The provisions, however, fail to address the time within which the duty imposed will be reviewed to assess its continuance or withdrawal. Further, the ease in raising an issue by writing an application to initiate investigations against an importer for the alleged dumping may cause abuse of the law. Laws related to the process of initiating the investigation must be made stricter to ensure that domestic producers do not overuse the law for protecting them from the competition.

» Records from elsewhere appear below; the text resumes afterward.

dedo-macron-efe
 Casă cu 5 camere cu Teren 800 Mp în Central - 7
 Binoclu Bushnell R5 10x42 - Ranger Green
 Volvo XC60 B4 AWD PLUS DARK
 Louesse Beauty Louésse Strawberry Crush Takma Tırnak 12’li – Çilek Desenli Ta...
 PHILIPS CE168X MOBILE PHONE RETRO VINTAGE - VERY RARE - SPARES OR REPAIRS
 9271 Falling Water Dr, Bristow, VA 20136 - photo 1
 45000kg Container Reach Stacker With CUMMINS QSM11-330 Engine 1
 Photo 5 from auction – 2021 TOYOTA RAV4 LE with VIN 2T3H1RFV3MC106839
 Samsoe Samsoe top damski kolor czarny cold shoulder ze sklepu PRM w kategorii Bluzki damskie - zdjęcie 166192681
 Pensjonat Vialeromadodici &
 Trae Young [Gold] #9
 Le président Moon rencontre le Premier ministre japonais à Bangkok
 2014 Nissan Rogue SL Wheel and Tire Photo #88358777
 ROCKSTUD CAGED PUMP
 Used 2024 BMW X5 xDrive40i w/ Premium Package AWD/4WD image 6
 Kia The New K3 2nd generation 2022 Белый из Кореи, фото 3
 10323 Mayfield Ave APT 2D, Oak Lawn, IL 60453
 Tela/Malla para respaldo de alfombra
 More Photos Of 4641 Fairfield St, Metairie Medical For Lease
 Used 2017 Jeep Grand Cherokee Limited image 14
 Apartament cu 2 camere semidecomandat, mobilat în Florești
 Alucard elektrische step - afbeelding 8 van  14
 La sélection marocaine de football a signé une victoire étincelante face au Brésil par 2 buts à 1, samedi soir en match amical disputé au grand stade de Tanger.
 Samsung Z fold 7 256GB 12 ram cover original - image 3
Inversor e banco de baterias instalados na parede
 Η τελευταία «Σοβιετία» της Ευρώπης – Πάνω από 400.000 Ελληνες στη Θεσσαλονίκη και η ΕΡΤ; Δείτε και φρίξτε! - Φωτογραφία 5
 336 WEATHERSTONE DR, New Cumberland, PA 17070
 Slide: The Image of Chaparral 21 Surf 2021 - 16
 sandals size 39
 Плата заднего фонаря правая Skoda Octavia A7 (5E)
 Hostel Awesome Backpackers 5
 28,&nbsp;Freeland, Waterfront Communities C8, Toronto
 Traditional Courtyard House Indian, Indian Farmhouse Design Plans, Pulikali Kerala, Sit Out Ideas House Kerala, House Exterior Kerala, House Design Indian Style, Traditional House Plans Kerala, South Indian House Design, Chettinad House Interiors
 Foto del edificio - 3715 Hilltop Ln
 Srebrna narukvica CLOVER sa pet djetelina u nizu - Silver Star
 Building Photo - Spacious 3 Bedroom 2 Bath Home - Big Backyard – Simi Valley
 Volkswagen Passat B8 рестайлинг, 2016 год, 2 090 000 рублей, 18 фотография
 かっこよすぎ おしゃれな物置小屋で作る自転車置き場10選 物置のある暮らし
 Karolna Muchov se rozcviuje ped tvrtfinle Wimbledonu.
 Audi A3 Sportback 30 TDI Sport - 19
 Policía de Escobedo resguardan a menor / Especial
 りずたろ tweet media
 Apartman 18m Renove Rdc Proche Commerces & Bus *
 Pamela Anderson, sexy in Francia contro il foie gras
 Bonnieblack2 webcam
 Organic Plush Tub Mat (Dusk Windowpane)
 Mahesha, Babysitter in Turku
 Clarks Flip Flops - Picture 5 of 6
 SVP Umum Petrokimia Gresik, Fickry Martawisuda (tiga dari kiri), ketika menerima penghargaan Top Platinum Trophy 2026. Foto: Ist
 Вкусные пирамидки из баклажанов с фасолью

In 2018 alone India initiated almost 214 investigations against several Chinese products and imposed anti-dumping duties on 99 products by Jan 2019. The usage of anti-dumping laws by India has raised concerns regarding the practice of fair trade by several countries.
A monetary check by the WTO on countries especially developing countries that tend to use anti-dumping laws extensively must be mandatory to ensure that the imposition of the duty is justified and there is an actual injury due to low prices in the domestic industry. However, the Ministry of Finance has recently rejected the imposition of anti-dumping duty on certain steel goods imported from China, Japan, and Korea, there are several other products from various countries that are highly scrutinized and investigated by the DGAD. Ongoing investigations against products originating from countries UAE, Russia, Bahrain, Egypt, Nepal, and so on are just a few examples. Thus, creating more stringent laws around the initiation of an investigation can serve as a time-saving measure for the designated investigation authorities.
Dumping is a serious issue in the world of trade as it undermines the capacity of the domestic markets of the country the products are exported. India has two provisions in place that are in line with Article VI of GATT 1994 for combating dumping. Anti-dumping duty is one of the only ways that countries around the world are relying on to reduce the impact of dumping on the domestic markets. Thus, there are only protective measures in place and no preventive measures as such. India has been a country using excessive anti-dumping laws to protect its domestic industry, however, this has caused issues of questioning India’s fair trade practices by many countries. The current laws can further be amended to leave no room for loopholes and help in the protection of the domestic markets.